Sob o ponto de vista da ciência econômica, o Estado, por diversas razões, intervém na economia. E assim o faz para, dentre outras coisas, a) promover a eficiência comprometida por falhas de mercado, como as referentes às imperfeições concorrenciais e aos abusos de poder econômico, ou às assimetrias ou insuficiências de informação; b) suprir a disparidade entre a eficiência e bem-estar social, causada por externalidades, sejam as negativas sejam as positivas, quando a existência de elevados custos de transação impede a solução privada; c) para afastar a injustiça das preferências dos consumidores ou das regras distributivas, que podem conduzir, por um lado, à subprodução de bens de mérito ou à sobreprodução de males de mérito (ARAÚJO, Fernando. Introdução à Economia, Vol. II, 2 ed. Coimbra: Almedina, 2004, p. 1019).
Ora, se parece indispensável a presença do Estado na Economia, sendo a regulação um dos mecanismos por meio dos quais nela ele atua, o grande desafio consiste exatamente em calibrar essa bem visível mão, dada a falácia de um propagado virtuosismo natural do mercado. É, portanto, nesse ambiente que a Lei federal nº 13.874/19 busca dar mais nítidas feições ao papel do Estado junto aos atores privados.
Para que o investimento privado tenha lugar, é fundamental que exista um quadro de previsibilidade das condições econômicas, bem como a garantia de que os investidores não serão expropriados dos rendimentos obtidos no decurso da respectiva atividade, sendo justificáveis outros elementos característicos desta abordagem: a definição clara dos direitos de propriedade e o seu respeito (por meio de um sistema de justiça eficaz), a redução das fontes de arbitrariedade associadas à existência de regulamentações complexas da atividade econômica e até mesmo a ênfase dada à sustentabilidade das contas públicas (para, no limite, prevenir o aumento da carga tributária no futuro, vez que isto implicaria eventual expropriação parcial dos retornos privados do investimento).
Além disso, importante é reconhecer que não existe verdadeira liberdade econômica, senão dentro de um determinado quadro normativo e organizativo, que, como mínimo, confira eficiência ao circuito econômico.

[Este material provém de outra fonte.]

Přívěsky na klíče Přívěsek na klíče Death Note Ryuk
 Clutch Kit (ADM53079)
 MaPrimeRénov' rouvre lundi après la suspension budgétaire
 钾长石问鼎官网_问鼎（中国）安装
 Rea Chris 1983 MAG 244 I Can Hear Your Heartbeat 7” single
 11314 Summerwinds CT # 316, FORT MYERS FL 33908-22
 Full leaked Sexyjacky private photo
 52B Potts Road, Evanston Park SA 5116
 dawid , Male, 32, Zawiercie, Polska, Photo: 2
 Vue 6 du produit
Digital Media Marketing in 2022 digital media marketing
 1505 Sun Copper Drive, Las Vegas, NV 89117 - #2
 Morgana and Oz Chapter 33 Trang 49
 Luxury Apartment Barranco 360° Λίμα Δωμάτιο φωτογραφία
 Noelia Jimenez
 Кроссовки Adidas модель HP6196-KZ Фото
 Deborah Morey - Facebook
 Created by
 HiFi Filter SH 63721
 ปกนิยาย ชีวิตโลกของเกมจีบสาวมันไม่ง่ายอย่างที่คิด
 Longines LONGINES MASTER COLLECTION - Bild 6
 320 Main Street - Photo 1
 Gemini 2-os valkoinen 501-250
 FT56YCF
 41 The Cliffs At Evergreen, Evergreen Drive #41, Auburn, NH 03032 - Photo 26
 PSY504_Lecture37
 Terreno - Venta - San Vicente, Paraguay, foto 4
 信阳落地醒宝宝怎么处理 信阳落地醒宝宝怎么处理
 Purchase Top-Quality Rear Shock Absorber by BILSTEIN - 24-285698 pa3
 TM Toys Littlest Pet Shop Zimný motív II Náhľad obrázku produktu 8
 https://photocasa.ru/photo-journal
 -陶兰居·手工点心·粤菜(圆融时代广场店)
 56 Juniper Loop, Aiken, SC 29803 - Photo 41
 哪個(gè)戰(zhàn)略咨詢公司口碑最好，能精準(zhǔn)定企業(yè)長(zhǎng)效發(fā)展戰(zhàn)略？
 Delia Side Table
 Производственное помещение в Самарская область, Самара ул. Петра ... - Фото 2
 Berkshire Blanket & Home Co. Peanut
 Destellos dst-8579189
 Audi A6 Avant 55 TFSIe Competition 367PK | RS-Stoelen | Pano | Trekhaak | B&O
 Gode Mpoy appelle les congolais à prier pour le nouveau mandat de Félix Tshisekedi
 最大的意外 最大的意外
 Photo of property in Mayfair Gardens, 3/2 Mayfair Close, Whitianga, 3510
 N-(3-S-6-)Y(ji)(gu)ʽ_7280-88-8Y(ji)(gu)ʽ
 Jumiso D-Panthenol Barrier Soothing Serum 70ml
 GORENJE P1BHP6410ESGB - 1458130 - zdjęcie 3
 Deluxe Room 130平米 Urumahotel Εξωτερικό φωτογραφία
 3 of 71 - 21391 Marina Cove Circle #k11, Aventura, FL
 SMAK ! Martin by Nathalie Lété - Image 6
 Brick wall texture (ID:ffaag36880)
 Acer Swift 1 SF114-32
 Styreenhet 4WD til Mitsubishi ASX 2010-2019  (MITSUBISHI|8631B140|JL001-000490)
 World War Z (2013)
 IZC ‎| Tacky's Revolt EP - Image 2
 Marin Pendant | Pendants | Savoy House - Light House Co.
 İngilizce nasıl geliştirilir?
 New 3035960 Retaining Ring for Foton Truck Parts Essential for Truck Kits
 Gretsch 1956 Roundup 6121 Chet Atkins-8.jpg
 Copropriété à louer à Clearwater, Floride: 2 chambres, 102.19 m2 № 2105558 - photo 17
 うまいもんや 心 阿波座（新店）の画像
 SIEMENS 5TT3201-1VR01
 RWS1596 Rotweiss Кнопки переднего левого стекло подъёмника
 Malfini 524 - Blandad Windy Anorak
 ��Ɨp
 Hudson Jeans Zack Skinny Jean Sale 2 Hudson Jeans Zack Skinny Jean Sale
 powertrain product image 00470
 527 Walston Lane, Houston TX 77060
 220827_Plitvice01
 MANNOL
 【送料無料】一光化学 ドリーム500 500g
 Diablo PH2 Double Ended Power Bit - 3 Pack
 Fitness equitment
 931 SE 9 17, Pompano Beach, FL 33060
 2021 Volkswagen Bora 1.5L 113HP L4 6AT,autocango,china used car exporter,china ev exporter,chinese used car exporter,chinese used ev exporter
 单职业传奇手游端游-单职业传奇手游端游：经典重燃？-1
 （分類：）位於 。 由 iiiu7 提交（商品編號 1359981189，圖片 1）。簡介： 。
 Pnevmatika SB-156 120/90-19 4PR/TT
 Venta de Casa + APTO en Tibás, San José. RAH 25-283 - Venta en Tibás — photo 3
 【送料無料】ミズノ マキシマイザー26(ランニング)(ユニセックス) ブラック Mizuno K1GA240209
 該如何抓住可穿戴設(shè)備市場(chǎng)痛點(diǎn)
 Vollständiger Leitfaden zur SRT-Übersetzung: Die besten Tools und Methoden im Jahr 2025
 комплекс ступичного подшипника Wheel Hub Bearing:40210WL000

É o Estado, portanto, contrabalanceando as forças causadoras das falhas de mercado, sem se afastar do princípio orientativo de que a liberdade constitui garantia para o exercício de atividades econômicas (art. 2º, I).
Assim, se a regulação é necessária, ela não pode ser abusiva, tampouco hostil ao mercado, do que decorre o dever de a Administração Pública evitar o excesso de poder regulatório, que, no geral, eleva indevidamente os custos de transação sem demonstração dos correspectivos benefícios (art. 4º, V). Essa é a tragédia mais comum na atuação dos Poderes Públicos: o advento de exigências, regulamentações, requisitos, barreiras e correlatos que, sem sérios e evidentes benefícios à coletividade, mais dificultam a atuação empresarial privada, num mal compreendido fetiche pela ampliação, sem-cerimônia, dos custos de transação, das dificuldades para empreender e da burocracia.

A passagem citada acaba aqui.